Pictures must be left out. Retype exactly the lines from the one containing "Women's Lightweight Long" through the last line of the records below.

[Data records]

○ ○ ○ ○

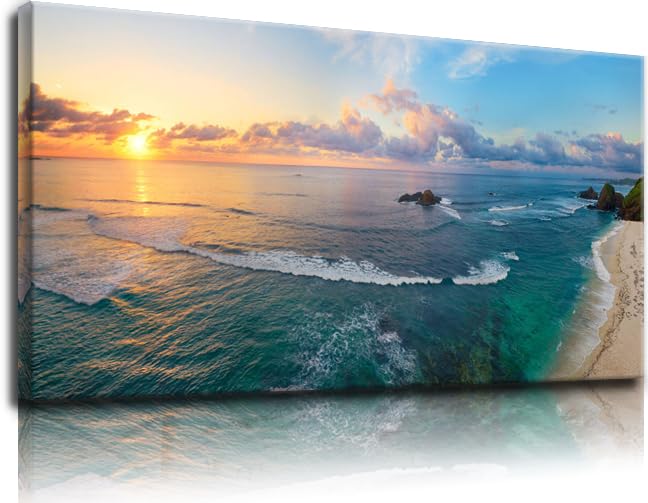 Large Pictures for Living Room Wall Decor Bedroom Coastal Wall Art Sunset Beach Painting Ocean Poster Room Decor Office Artwork Seascape Prints Framed Modern Bathroom Home Decorations (AcoatL / 48"L x 24"W)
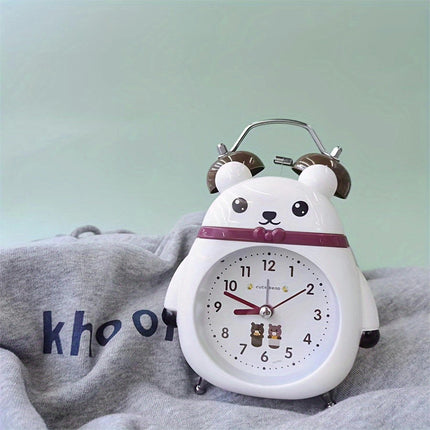 Cute Panda Alarm Clock with Loud Bell - Perfect for Students Christmas Gift, Battery-Powered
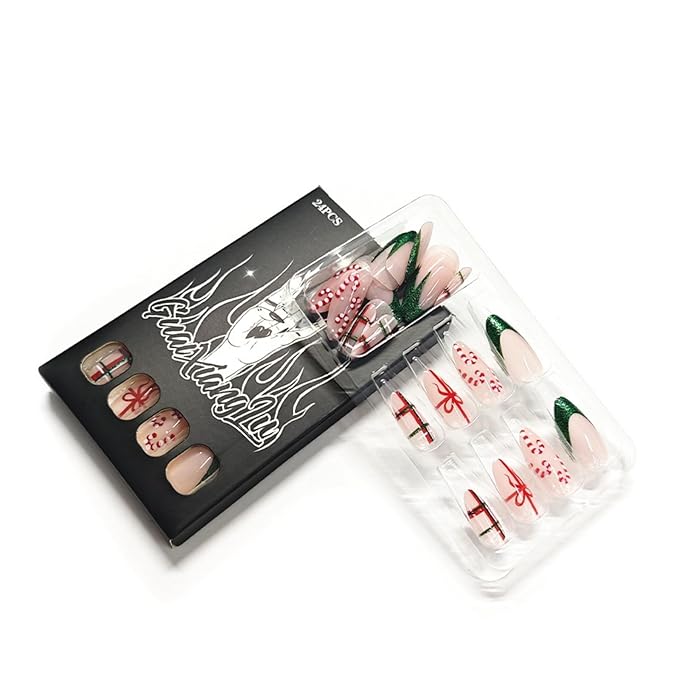 Press On Nails Almond Christmas, French Tip Press on Nails Short, Glue On Nails for Women Gift, Supremely Fit Natural Reusable Stick On Nails in 12 Sizes -24 Fake Nails Kit, French Spark Green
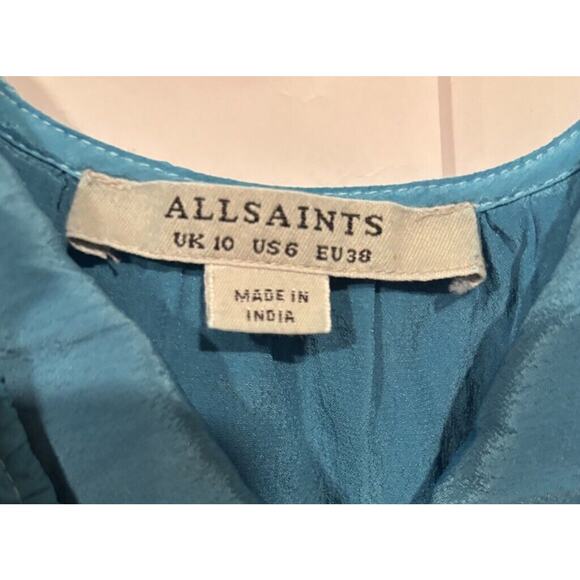 All Saints Women’s Amor Flowy Dress in Hawaiian Blue Size 6 - Picture 6 of 7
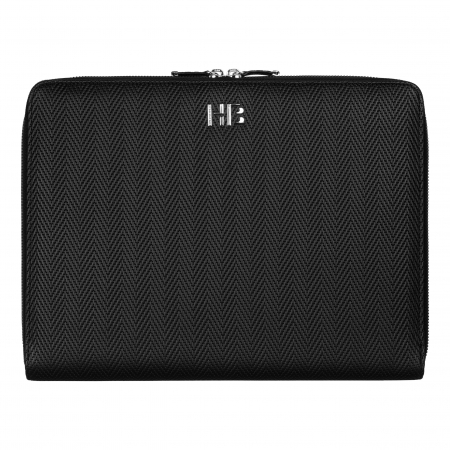 Hugo Boss Conference folder zip A4 Herringbone Black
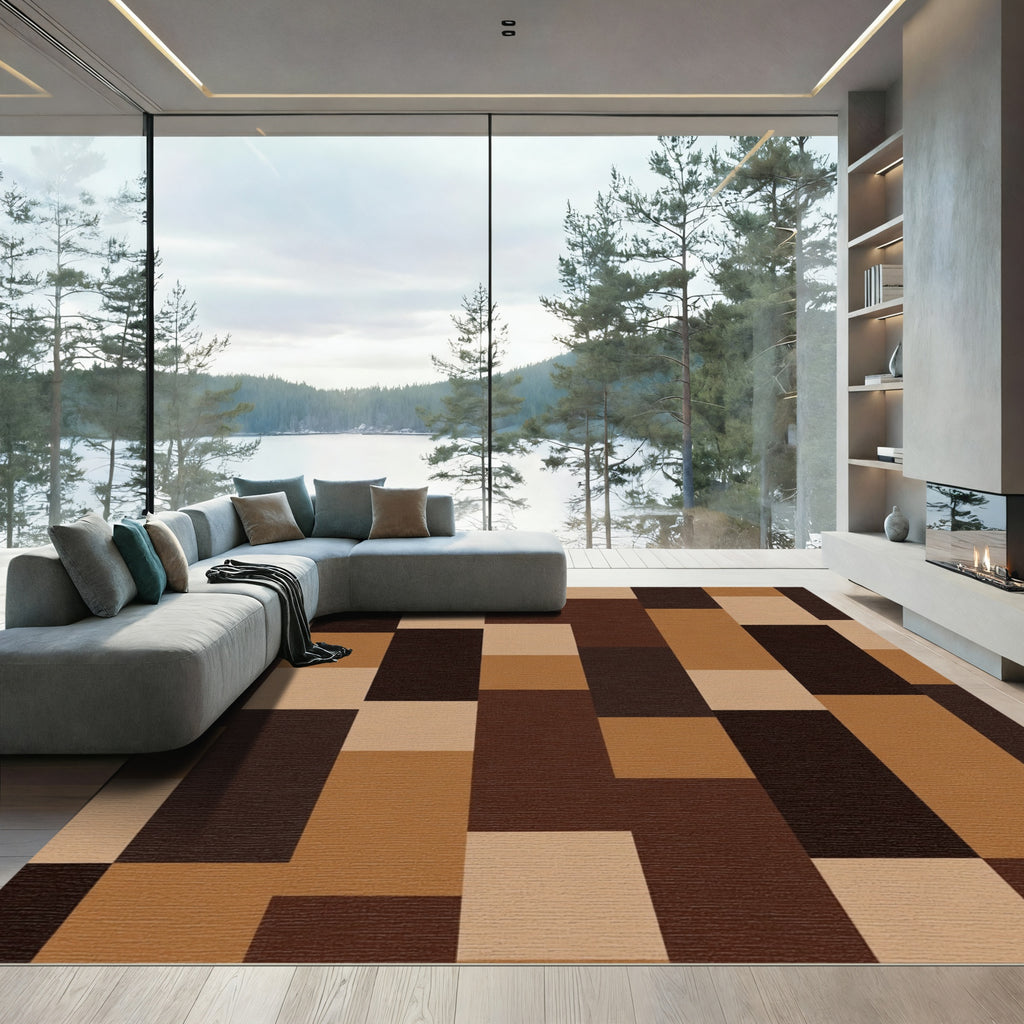 Earthy Tones Geometric Blocks Rug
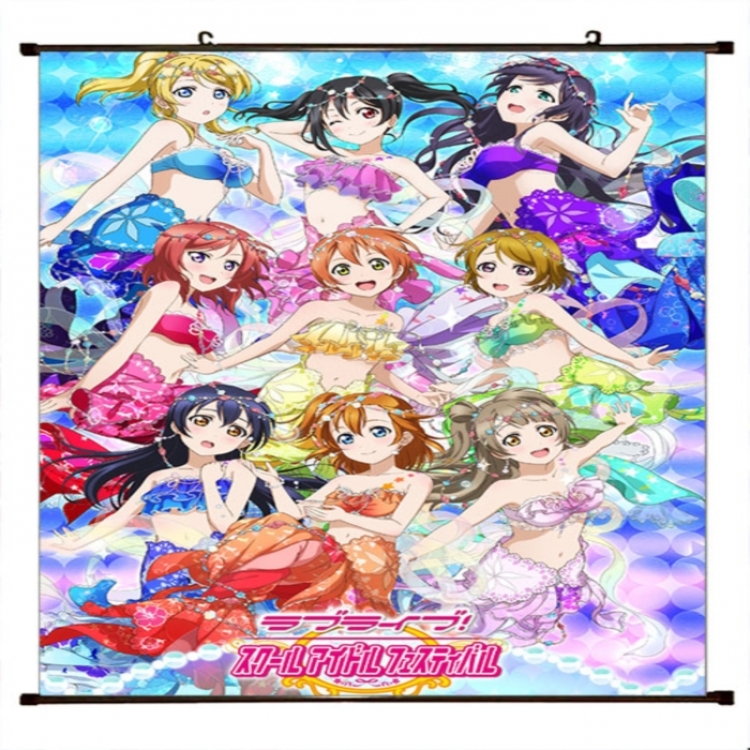LoveLive Anime black Plastic rod Cloth painting Wall Scroll 60X90CM 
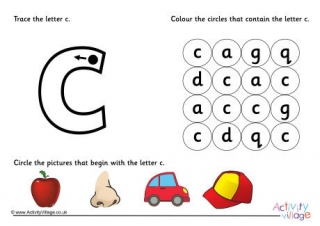 Alphabet Learn the Letter C Worksheet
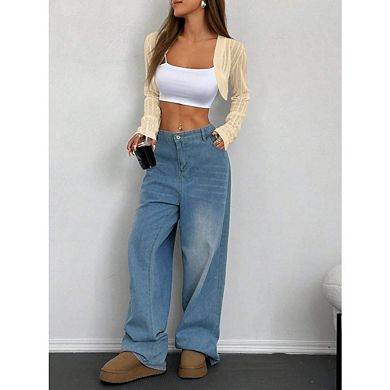 Women's Lightweight Long Sleeve Open Front Bolero Shrug Sweater Cardigan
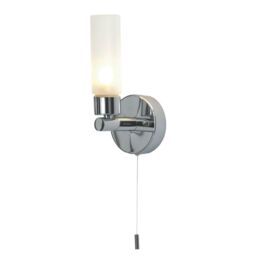 First Choice Lighting Polished Chrome IP44 Bathroom Tube Wall Light With Pull Cord Switch in Silver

○ ○ ○ ○

_PROBLEM SOLUTION_.
 Women's Lightweight Long Sleeve Open Front Bolero Shrug Sweater Cardigan
 First Choice Lighting Polished Chrome IP44 Bathroom Tube Wall Light With Pull Cord Switch in Silver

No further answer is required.